Tatoeba / tatoeba2

Tatoeba is a platform whose purpose is to create a collaborative and open dataset of sentences and their translations.
https://tatoeba.org
GNU Affero General Public License v3.0
679 stars 131 forks source link

Sentences without audio files are showing up in searches limited to has_audio=yes #3049

Open ckjpn opened 1 year ago

ckjpn commented 1 year ago

The bug

Sentences without audio files are showing up in searches limited to has_audio=yes

The search I was using

https://tatoeba.org/en/sentences/search?from=eng&to=ita&sort_reverse=yes&trans_to=ita&trans_filter=exclude&trans_link=direct&has_audio=yes&sort=words

Background

I'm fairly certain this sentence had an audio file at one time, but was removed.

Screenshot

Screen Shot 2023-03-29 at 16 26 15
DJ-Saidez commented 1 year ago

I can confirm that.
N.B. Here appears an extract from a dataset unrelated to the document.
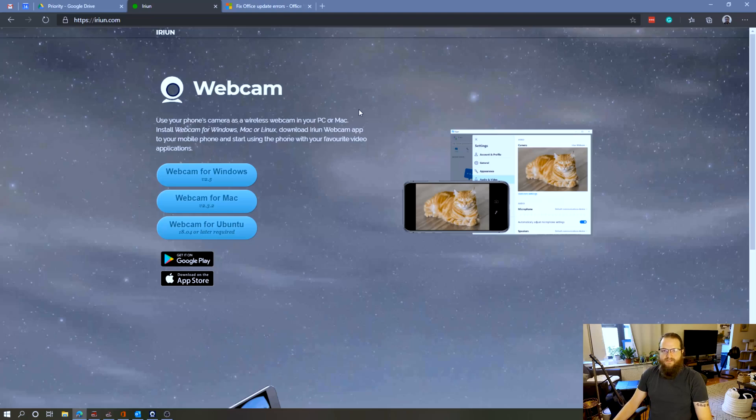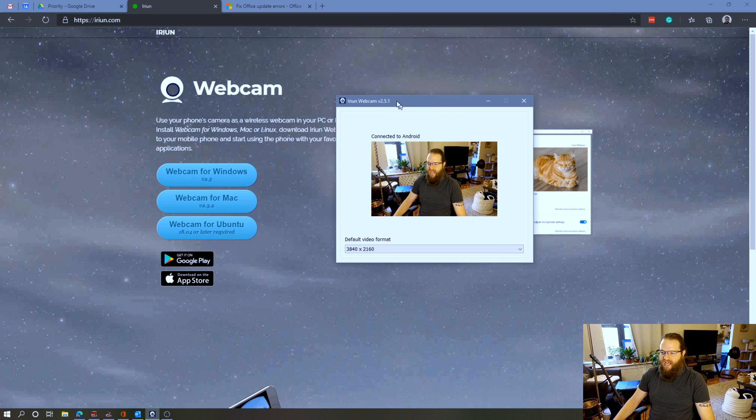To install the desktop client, go to iriun.com, select your operating system, and download and install the software. On the smartphone, download the Iriun app from either the Google Play Store or the Apple App Store, open it up, hit accept to the terms and conditions, and you're basically good to go. On Android phones, when you plug your phone into the computer, a box will pop up that says 'Allow USB debugging' — just hit OK and everything will function normally.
I had added audio to that one, and my speech was of less-than-ideal quality. I guess it didn't automatically switch to has_audio=no.

ckjpn commented 1 year ago

Here is another search that shows this problem.

shekitten's longest sentences with audio.

https://tatoeba.org/en/sentences/search?from=eng&has_audio=yes&native=&orphans=no&query=&sort=words&sort_reverse=yes&tags=&to=&trans_filter=limit&trans_has_audio=&trans_link=&trans_orphan=&trans_to=&trans_unapproved=&trans_user=&unapproved=no&user=shekitten

The reason is the same as the above, as DJ-Saidez pointed out.

profesyonal commented 4 months ago

This problem seems to be fixed? I don't see sentences without audio on the links provided by CK.

ckjpn commented 3 months ago

Here is a search that will show sentences that shouldn't be in the results.

DJ_Saidez's longest sentences "with audio" search.

https://tatoeba.org/en/sentences/search?from=eng&has_audio=yes&native=&orphans=no&query=&sort=words&sort_reverse=yes&tags=&to=none&trans_filter=limit&trans_has_audio=&trans_link=&trans_orphan=&trans_to=&trans_unapproved=&trans_user=&unapproved=no&user=DJ_Saidez&word_count_max=&word_count_min=1

Note that the reason for this is that DJ_Saidez contributed audio that were uploaded and then later removed when the admins determined these were not appropriate for tatoeba.org.

All, or most, audio connected to his sentences are recordings by me.